You have to find a way, it has to read in a way.
It has to grammatically make sense.
Yeah, and those are like the technical sort of skills
you pick up over time, right?
This is not my first rodeo.
I mean, I've been writing since the early sort of like 2000s
and what I was doing then, you know,
at the time I thought I was producing these works
of monumental genius, but no, I didn't have the craft,
but you picked those up over time.
You know, thank God for the ego in the beginning,
out of the mouths of babes,
because that's also what keeps you going.
We were like, I think I nailed it.
I think I crushed that one.
From a broadcaster perspective, we've done shows for years,
and I remember the third week that we ever recorded,
I was like, I think we've reached peak radio.
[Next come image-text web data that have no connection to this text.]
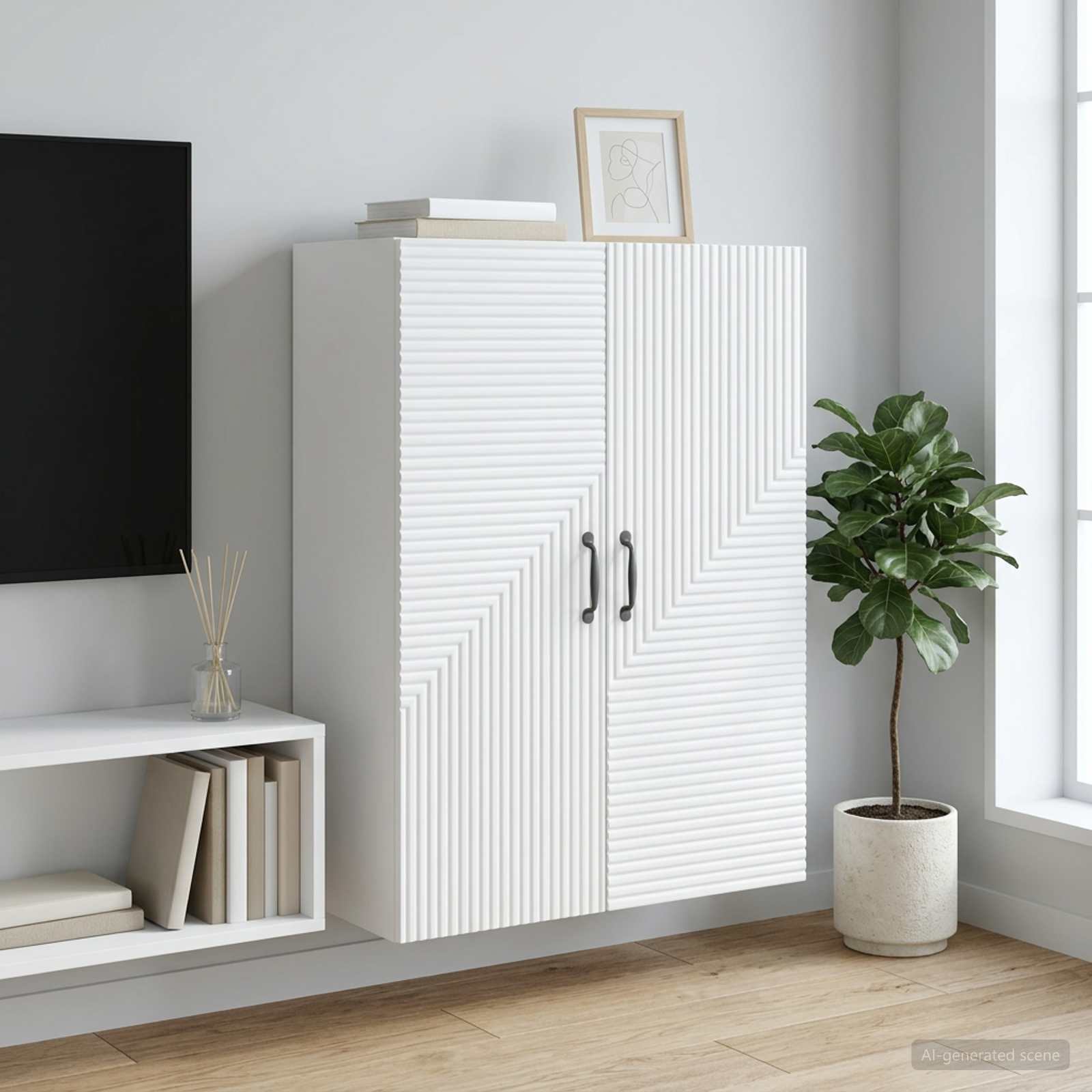 Wandschrank Weiß 66 x 34,5 x 90 cm Holzwerkstoff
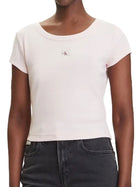 T-Shirt Calvin Klein Donna con etichetta Logo Baby Rosa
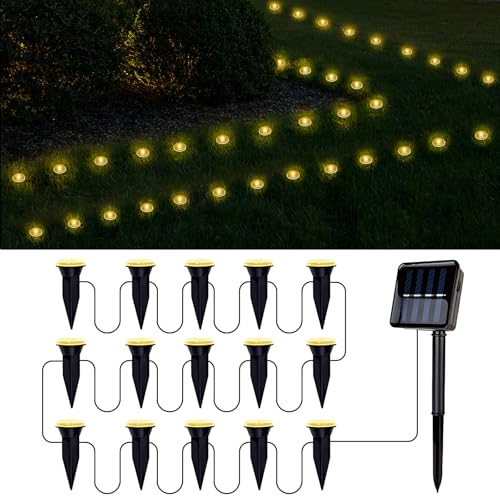 15 LED Solar Ground Lights Outdoor, Waterproof Solar Pathway Lights, LED Landscape Lighting for Garden, Patio, Driveway, Walkway - Warm White - color: Warm Whtie, size: 15.4FT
I think we figured this thing out.
You go back and you listen and you're just like, wow,
cook hot garbage.
Unreal that I said that.
What is happening?
I know that feeling all too well, man,
it sucks, but I think you need that ego,
because if you really think about it,
go into any bookstore and there's so many books there,
no one needs your fucking book, let's be honest, right?
But when you're young and you're the shit, right?
You're like, you know, I'm like the next Charles Dickens
or whatever, you know, I can do it.
And then you get knocked on your ass
because you get rejections and stuff,
and then you realize you have to learn the craft.
But without that initial kind of like...
Punch in the face.
Yeah, without that,
you couldn't do it otherwise, man.
I think all artists, you know,
on a podcast like this,
you're meant to be humble and stuff,
but all artists think they're the shit.
Now I know a lot of writers and I'll never date one
because I know they're all
the most egotistical people alive, man.
Think about your poor girlfriend.
I mean, what she has to do
and how she has to support you.
When you go in there to the factory,
you have to go into the writing factory
and she hears the clicks of the typewriter
and she's like, oh, I can't interrupt him
because he'll come out with a croquet mallet.
Yeah.
My poor girlfriend is like,
doing a PhD, man, so...
Oh, she's actually doing something that matters, yeah.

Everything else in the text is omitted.